Sur jetter ou non la nourriture, petit témoignage, non pour faire pleurer dans les chaumières mais parce que cela recoupe le mécanisme.
Ma fille est née au Guatémala au moment de la guerre civil et a connu la faim à l'orphelinat. Nous l'avons adopté, réflexion de mon frère à cette époque : elle fait affiche pour la faim dans le monde. Mais à partir de ce moment là , elle n'a plus manqué sur le plan nourriture.
Mais un an après son arrivée en France (elle avait 13 mois officiels lors de son arrivée), je l'ai vu protéger son morceau de pain des sollicitations d'un montagne pyrénées. A noter que le montagne pyrénées voulait surtout entrer en contact avec elle et aimait beaucoup moins le pain que jouer avec des enfants. Pour ma fille, le pain étant en trop, elle ne l'a pas mangé au cours du repas.

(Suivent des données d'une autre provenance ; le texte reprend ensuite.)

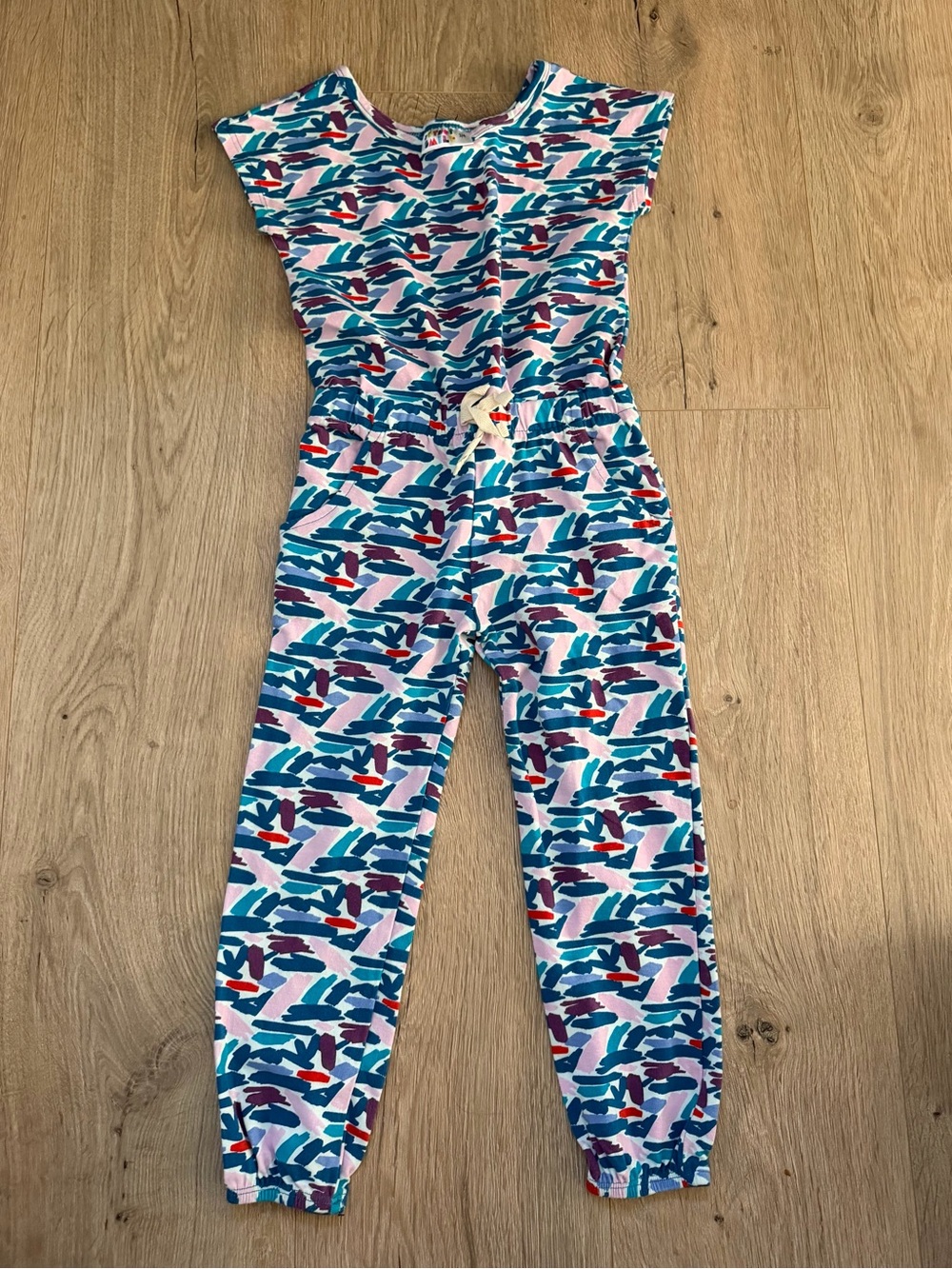 Dot Dot Smile Jumpsuit 3/4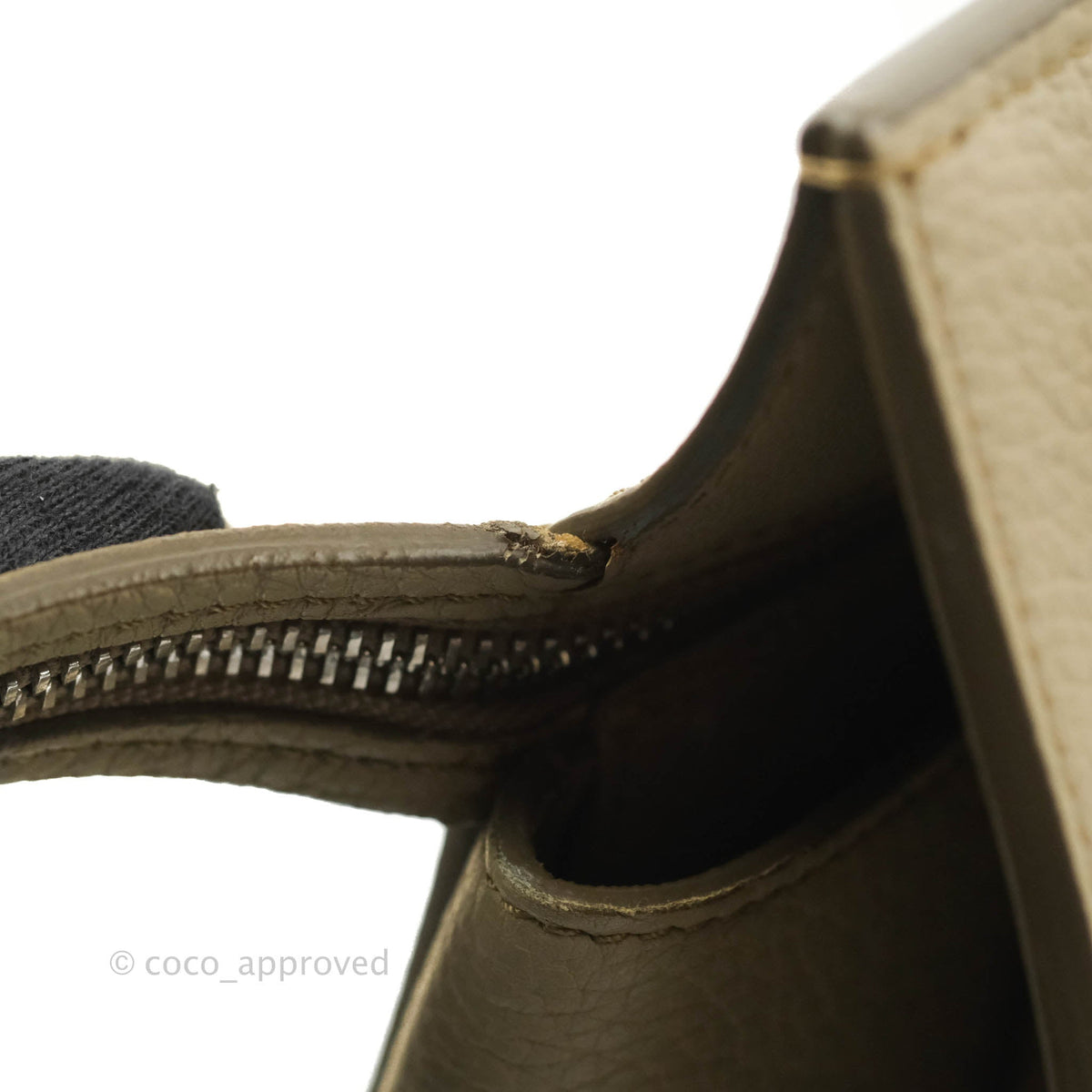 Celine Medium Edge Bag Etaupe Grained Calfskin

Elle a longtemps stocké ses chocolat de noël. Elle n'est pas spécialement gourmande, mêmù si elle adore la bonne nourriture, c'était plutôt des provisions de guerre. C'est son frère, qui a 8 ans de moins qu'elle, qui a pillé ses réserves, au point qu'elle nous a demandé une clé pour la porte de sa chambre. Ce que nous avons bien sûr accepté. (Non, je n'ai jamais privé mon fils de chocolat, tout au plus je ne lui en donnait pas plus qu'à sa soeur. Et non, mon fils n'est pas tombé malade pour avoir fini du chocolat qui avait plusieurs année d'âge, il a pillé les réserves en plusieurs fois

)
A noter que ma fille, si elle est en surpoids, a un poids remarquablement stable et est une mangeuse équilibrée, sans aucun aliment interdit. Mais elle a aussi toujours énormément de mal a jetter les restes.
Aurions nous psychologiquement aussi souffert qu'elle des privations que, non pas la vie, mais nous même nous sommes imposées ?
Très intérressante aussi la remarque sur la faim qui passse et nous rend ensuite boulimique. C'est vrai que c'est aussi une leçon que m'a donné l'anneau. Depusi que je mange régulièrement et peu comme l'anneau m'y oblige, ma boulimie a disparu. Pas ma gourmandise, certe, mais les quantités sont vraiment restreintes. Une bonne thérapie bien plus tôt aurait probablement été un meilleur remède qui m'aurait évité l'anneau.